### WHAT IS BEING ASKED
Each record should be copied exactly into the answer, and no picture should go with it.

### RECORDS PROVIDED
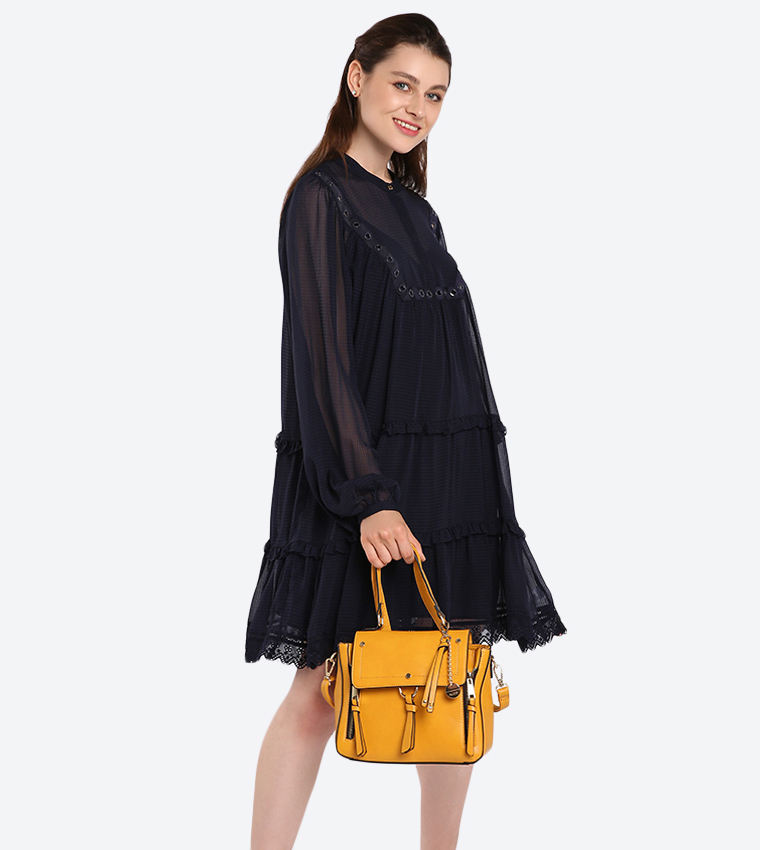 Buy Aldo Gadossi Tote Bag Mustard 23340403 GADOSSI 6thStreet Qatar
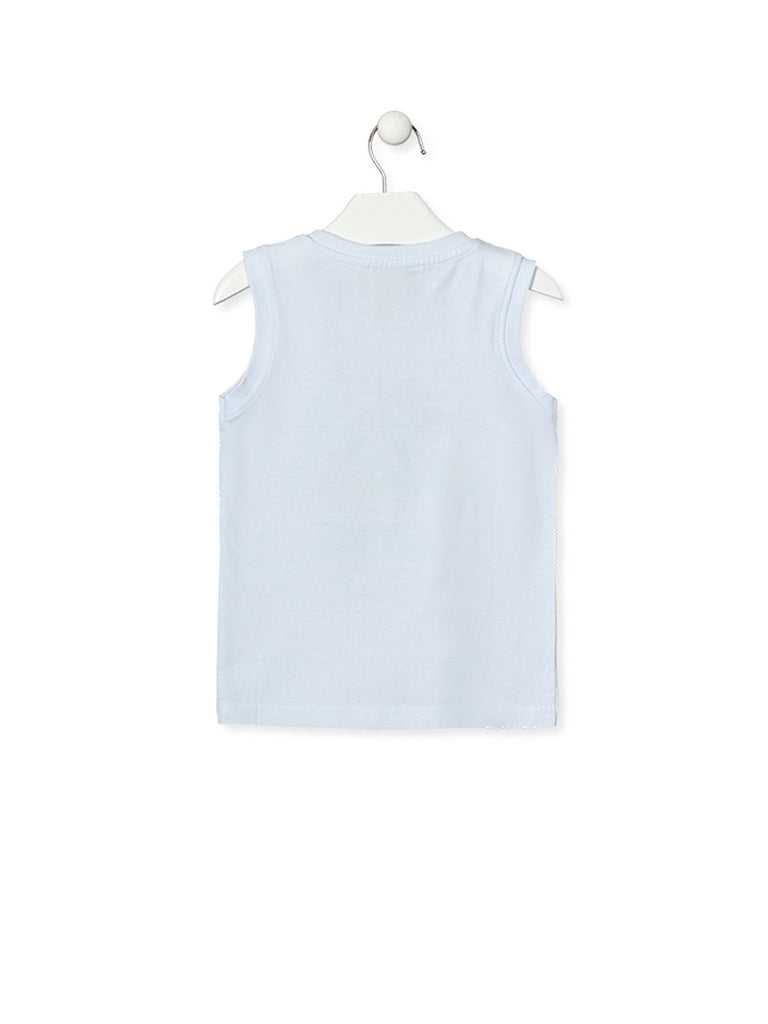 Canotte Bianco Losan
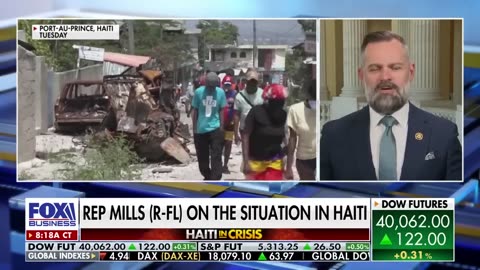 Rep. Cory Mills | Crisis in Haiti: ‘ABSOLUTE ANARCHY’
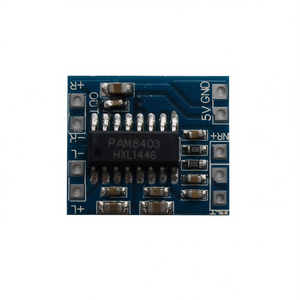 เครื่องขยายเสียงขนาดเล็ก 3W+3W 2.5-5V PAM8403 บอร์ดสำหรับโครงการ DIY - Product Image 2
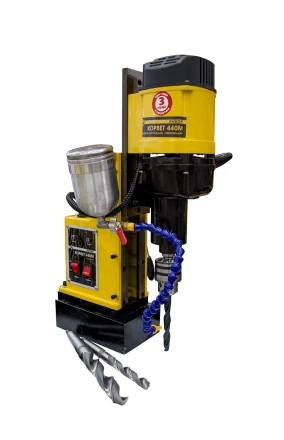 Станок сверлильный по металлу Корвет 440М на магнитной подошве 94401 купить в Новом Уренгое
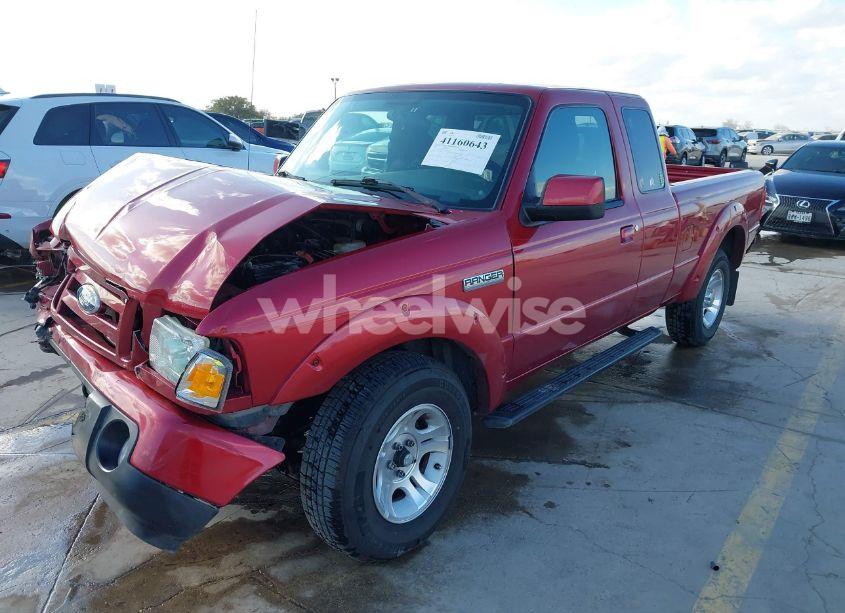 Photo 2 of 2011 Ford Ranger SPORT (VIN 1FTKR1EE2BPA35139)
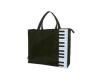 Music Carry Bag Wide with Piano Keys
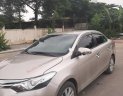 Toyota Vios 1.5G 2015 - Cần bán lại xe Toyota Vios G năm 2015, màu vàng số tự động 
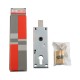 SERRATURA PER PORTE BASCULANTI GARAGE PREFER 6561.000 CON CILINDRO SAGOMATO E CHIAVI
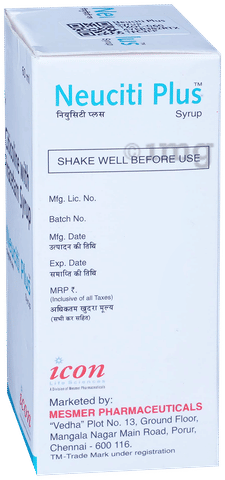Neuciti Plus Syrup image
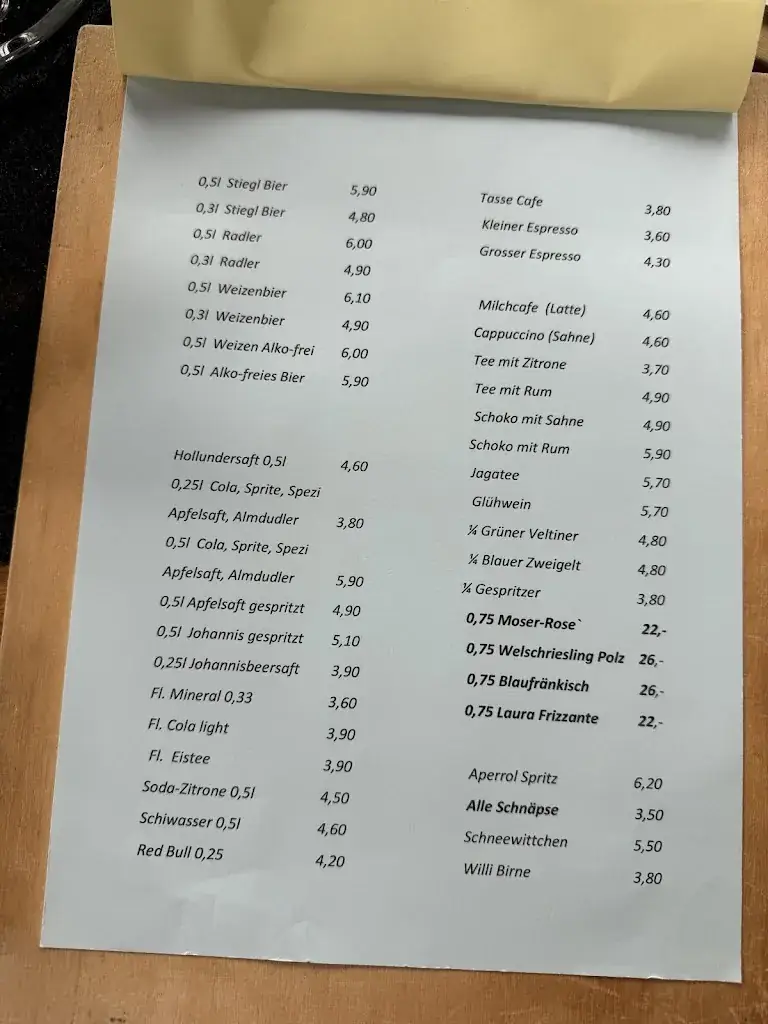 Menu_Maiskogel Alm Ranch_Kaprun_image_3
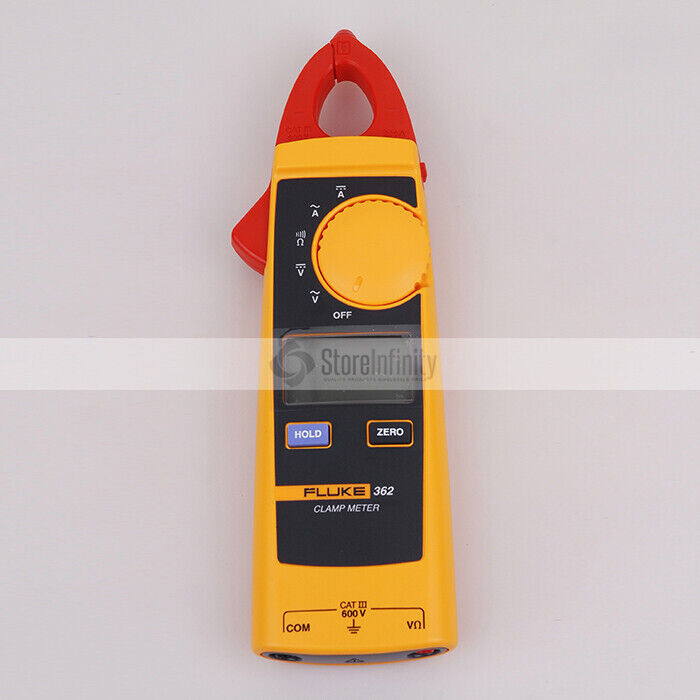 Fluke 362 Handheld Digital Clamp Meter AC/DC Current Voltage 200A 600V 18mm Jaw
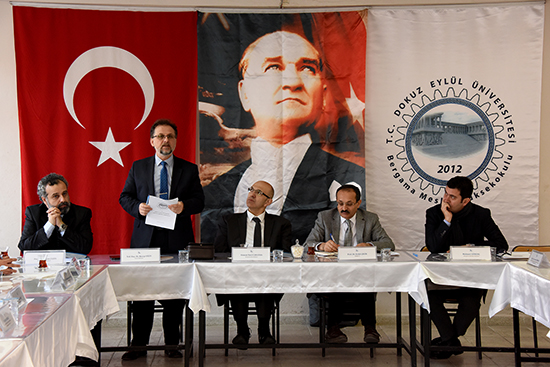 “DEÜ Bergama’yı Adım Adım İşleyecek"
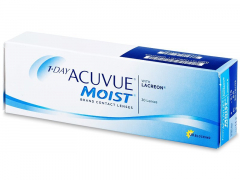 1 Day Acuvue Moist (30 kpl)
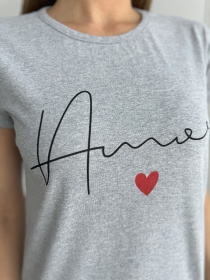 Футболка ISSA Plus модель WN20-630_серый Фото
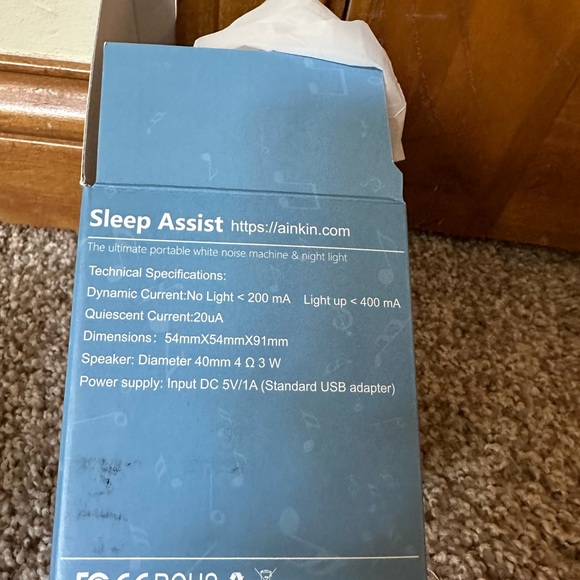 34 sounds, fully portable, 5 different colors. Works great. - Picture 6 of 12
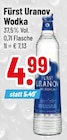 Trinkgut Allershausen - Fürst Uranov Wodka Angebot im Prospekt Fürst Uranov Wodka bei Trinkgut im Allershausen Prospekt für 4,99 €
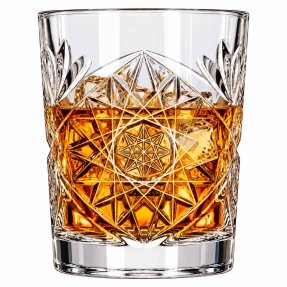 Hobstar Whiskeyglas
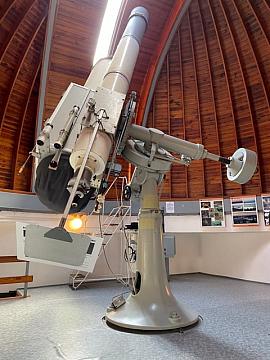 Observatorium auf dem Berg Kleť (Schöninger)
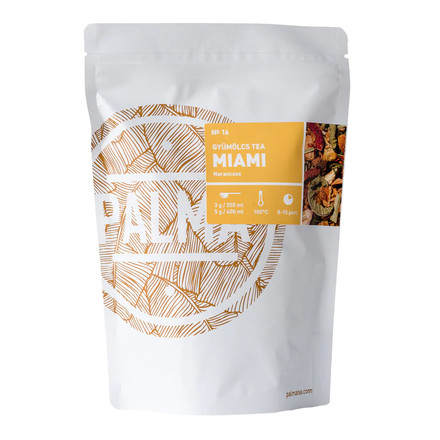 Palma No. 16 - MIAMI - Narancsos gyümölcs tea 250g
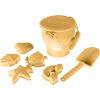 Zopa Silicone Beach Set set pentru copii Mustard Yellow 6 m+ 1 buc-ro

### RESULT OF THIS TASK
 Buy Aldo Gadossi Tote Bag Mustard 23340403 GADOSSI 6thStreet Qatar
 Canotte Bianco Losan
 Rep. Cory Mills | Crisis in Haiti: ‘ABSOLUTE ANARCHY’
 เครื่องขยายเสียงขนาดเล็ก 3W+3W 2.5-5V PAM8403 บอร์ดสำหรับโครงการ DIY - Product Image 2
 Станок сверлильный по металлу Корвет 440М на магнитной подошве 94401 купить в Новом Уренгое
 Photo 2 of 2011 Ford Ranger SPORT (VIN 1FTKR1EE2BPA35139)
 Music Carry Bag Wide with Piano Keys
 Toyota Vios 1.5G 2015 - Cần bán lại xe Toyota Vios G năm 2015, màu vàng số tự động 
 SERRATURA PER PORTE BASCULANTI GARAGE PREFER 6561.000 CON CILINDRO SAGOMATO E CHIAVI
Neuciti Plus Syrup image
 Menu_Maiskogel Alm Ranch_Kaprun_image_3
 Fluke 362 Handheld Digital Clamp Meter AC/DC Current Voltage 200A 600V 18mm Jaw
 “DEÜ Bergama’yı Adım Adım İşleyecek"
 1 Day Acuvue Moist (30 kpl)
 Футболка ISSA Plus модель WN20-630_серый Фото
 34 sounds, fully portable, 5 different colors. Works great. - Picture 6 of 12
 Trinkgut Allershausen - Fürst Uranov Wodka Angebot im Prospekt Fürst Uranov Wodka bei Trinkgut im Allershausen Prospekt für 4,99 €
 Hobstar Whiskeyglas
 Observatorium auf dem Berg Kleť (Schöninger)
 Palma No. 16 - MIAMI - Narancsos gyümölcs tea 250g
 Zopa Silicone Beach Set set pentru copii Mustard Yellow 6 m+ 1 buc-ro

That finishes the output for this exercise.